Canada’s longest election campaign in history is (finally) in its final days. And if you’ve followed any of the campaigns or debates that have taken place, chances are, you’ve heard a lot about the middle class. I sure have. In the beginning of August, National Post writers had already heard so much about the middle class that the Post’s Full Briefing newsletter “Debate Night Drinking Game” suggested viewers of the Maclean’s debate “take a drink when any leader mentions the words ’middle class.’”
While I’m glad that Canadian politicians, and particularly the Liberal and New Democratic parties, are focused on moving benefits from the wealthiest people in Canada to people of more moderate means, I find this heavy focus on the middle class to be a challenge when it comes to casting my ballot.
Because I am not one of those who struggles with middle class issues. I am Canada’s hidden poverty problem. I am the working poor.
In my entire adult life, I have never seen the right side of the LICO ? the Low Income Cut Off, which Statistics Canada defines as the threshold “below which a family will likely devote a larger share of its income on the necessities of food, shelter and clothing than the average family.” That’s a complicated way of saying that those of us below the LICO spend the vast majority, if not all, of our money on things that are necessary, and have little, if any, left for things that are extra.
Over the past ten years, I’ve worked incredibly hard as full-time parent, first while trapped in an abusive relationship, and subsequently, while on my own. I have worked hard to be able to finish my post-secondary credentials. I’ve worked hard at my full-time employment, which I’ve been lucky has been fairly flexible around my children’s schedules. And I’ve worked hard as a volunteer for social services organizations that aim to make my corner of the world a better place.
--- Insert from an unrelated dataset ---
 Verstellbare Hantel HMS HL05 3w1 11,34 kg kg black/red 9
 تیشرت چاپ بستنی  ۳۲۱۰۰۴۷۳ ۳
But despite all of my hard work, I am no further ahead now than I was ten years ago, except in terms of education and experience. My financial situation is worse, because the small raises I’ve achieved at work do not come near balancing out the tens of thousands of dollars of student loan debt I’ve incurred. Believing that hard work and a good education will secure your future is, in my experience, about as reasonable as believing that eating an apple a day will prevent you from necessitating the services of a physician in perpetuity.
So as I go to the ballot-box this coming Monday, I’m faced with a number of candidates who all say they want to make life more fair for Canadians. At the same time, however, the parties these candidates belong to are all focusing on solving the problems of people whose income level I can only hope to one day attain.
I believe that to build a better Canada, our government needs to be committed to the best interests of all Canadians. Whichever party forms government after October 19th needs to remember that it is not only the middle class that they serve ? but also those of us whose hope and hard work has not yet enabled us to cross the poverty line.